A very long time ago, we ran a series on this here little website called Crazy Creature of the Week. It only lasted a few months, and it definitely didn’t run every week, but it was basically, as one might imagine, a crazy creature that you might not have heard of. In March of 2014, we chose the coconut crab, and the internet latched onto it. Well, National Geographic recently put together a two-minute video featuring our old friend as a part of their search for what happened to Amelia Earhart. Researchers suspect that if she perished on the island in the video, coconut crabs may be responsible for her body’s disappearance.
This particular type of crab, also known as the robber crab, is the largest terrestrial arthropod in the world. With a leg span of up to three feet, it is definitely a big crab. They live to be about 120 years old, but only if we let them. Since they eat a lot of coconuts — which, by the way, is a fairly impressive thing for a crab to break open — they are filled with delicious, sweet-tasting crab meat. But they don’t just eat coconuts.
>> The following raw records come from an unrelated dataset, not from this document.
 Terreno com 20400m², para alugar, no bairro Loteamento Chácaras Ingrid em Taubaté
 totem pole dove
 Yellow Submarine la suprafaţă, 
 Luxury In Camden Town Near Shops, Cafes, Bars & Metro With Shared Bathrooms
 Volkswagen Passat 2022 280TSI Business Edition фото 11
They’re voracious scavengers and they’ll eat anything from fruit, vegetables, dead stuff, and even other crabs. There are also reports that coconut crabs like chickens and cats. Yes, cats. And apparently sometimes pigs, too. In the incredibly creepy footage above, you can watch them (with the help of the strawberry hermit crab) make an entire pig carcass disappear in a week.
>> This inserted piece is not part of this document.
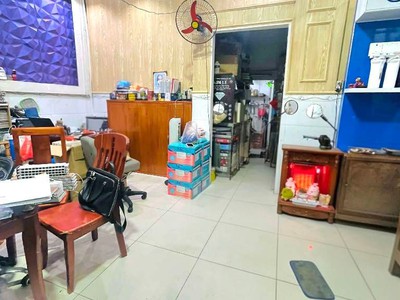 QUẬN 10 - NGÃ SÁU NGUYỄN TRI PHƯƠNG - 1 căn ra mặt tiền - 65m2, ngang 6.5m - giá cực hấp dẫn. 1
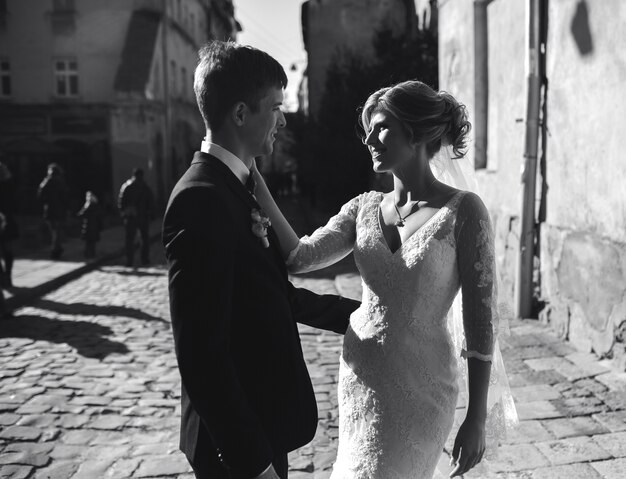 Mariée et marié posant dans les rues de la vieille ville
Unlike many other crabs, coconut crabs don’t spend all that much time in the water. They simply weigh too much. Outgrowing their shells every year, they retreat to a burrow, strip off their armor, and eat it. “In a water environment you get support from the water that allows you to move with a much heavier shell,” said ecologist Michelle Drew on Wired. “But on land, gravity will play a huge role on how you can move and how heavy you can get. [Coconut crabs] are probably at the limits of what is sustainable given gravity, the weight of the shell, and resources available to them in terms of food and water.”